Another benefit of buying property for Airbnb is its higher income potential. If the location is right, short-term rentals generally have higher returns than long-term rentals. This is even after considering the more work and fees that come with managing short-term rentals. So long as you have a steady stream of guests, you can generate more cash flow and a higher return on investment. Since you will be renting out your investment property daily or every few days, Airbnb rental income will typically be far more that renting out a house monthly or annually. Bear in mind that all real estate markets are different. Again, make sure you have found the right market before buying a rental property for Airbnb.
Flexible pricing also makes buying property for Airbnb attractive to real estate investors. Airbnb hosts have the freedom to decide the nightly rates of their rental properties as they see fit. If there is a high demand, you can maximize profits by increasing the rental rates. You can also lower the rental rate during the off season to attract more guests and avoid a high vacancy rate. Therefore, buying an Airbnb investment property allows you to control your monthly rental income. This is not the case with traditional rentals. Once you have a tenant in your house, you can’t increase the rent before the lease term is over. You need to study the housing market and develop a dynamic pricing strategy appropriate for that particular market.
One interesting benefit of buying property for Airbnb is how flexible it is in use. As an investor, you can decide between renting out a whole house or renting out part of the house. In fact, many investors starting out in Airbnb real estate investing are using their homes as Airbnb rentals. Even if you are not living in the house, you can still block off dates when you want it for personal use. You get to decide when to have your rental property on the market.
Even though owners of long-term rentals have less ongoing maintenance work and costs, they usually lose a lot of control over their investment properties. Therefore, it becomes harder for them to identify maintenance issues before they worsen. Buying property for Airbnb allows you to clean and do maintenance work on the house more frequently because of the regular turnover. Consequently, short-term rentals are typically better maintained.
Short-term rental properties are generally less risky since you are not stuck with just one Airbnb guest for a long period of time. If you own a traditional long-term rental and the tenant suddenly stops paying rent, you are in trouble until you evict them and find another tenant. Without monthly rental income, you will be unable to pay your mortgage unless you use other sources. As you know, evicting a tenant can also be a long and costly process.
With an Airbnb rental property, you don’t have to worry much about tenant eviction. Your Airbnb rental income each month is generated from many different guests. Therefore, you don’t run the risk of going for several months without income.
Most people are discouraged from buying property for Airbnb when they imagine the amount of work that comes with it. However, even if you are a busy person, you can still invest in Airbnb. As the home-sharing industry grows, so does the number of property management companies for short-term rentals. After buying an investment property for Airbnb, you can hire a professional property management company to take care of the different aspects of the business. This includes marketing, dealing with guests, collecting payments, maintenance, and property cleaning and restocking between visits.

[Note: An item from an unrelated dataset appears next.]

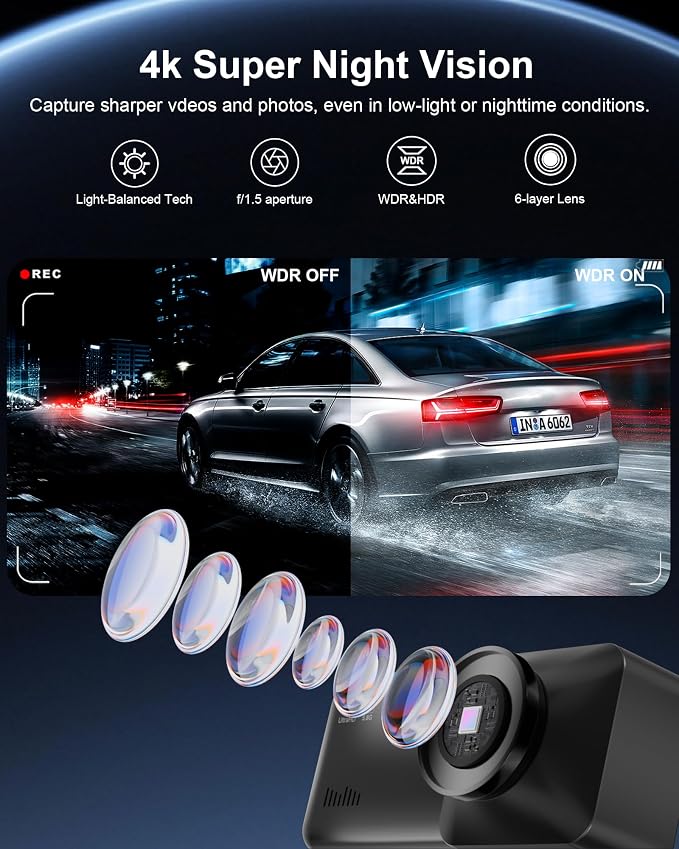 Cámara Dash 4K WiFi 5.8G con tarjeta 64GB y cargador coche miniatura 3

If you think that this is the right rental strategy for you, check out our guide on becoming an Airbnb host.
If you are looking to invest in real estate in 2021, buying property for Airbnb may be a great way to go. There are several benefits of Airbnb, making it a potentially lucrative real estate investment strategy. Just make sure you do your research and confirm that the numbers make sense.
If you choose to invest in Airbnb rentals, make sure you use data from a professional real estate broker for your market analysis and investment property analysis. A professional Airbnb profit calculation is a must-have if you want to find a profitable Airbnb investment property in the US housing market. This data analytics should include property metrics like Airbnb rental income, Airbnb occupancy rate, cash flow, cash on cash return, and cap rate. You should also check the regulations governing short-term rentals in your target area to ensure they wouldn’t adversely affect you.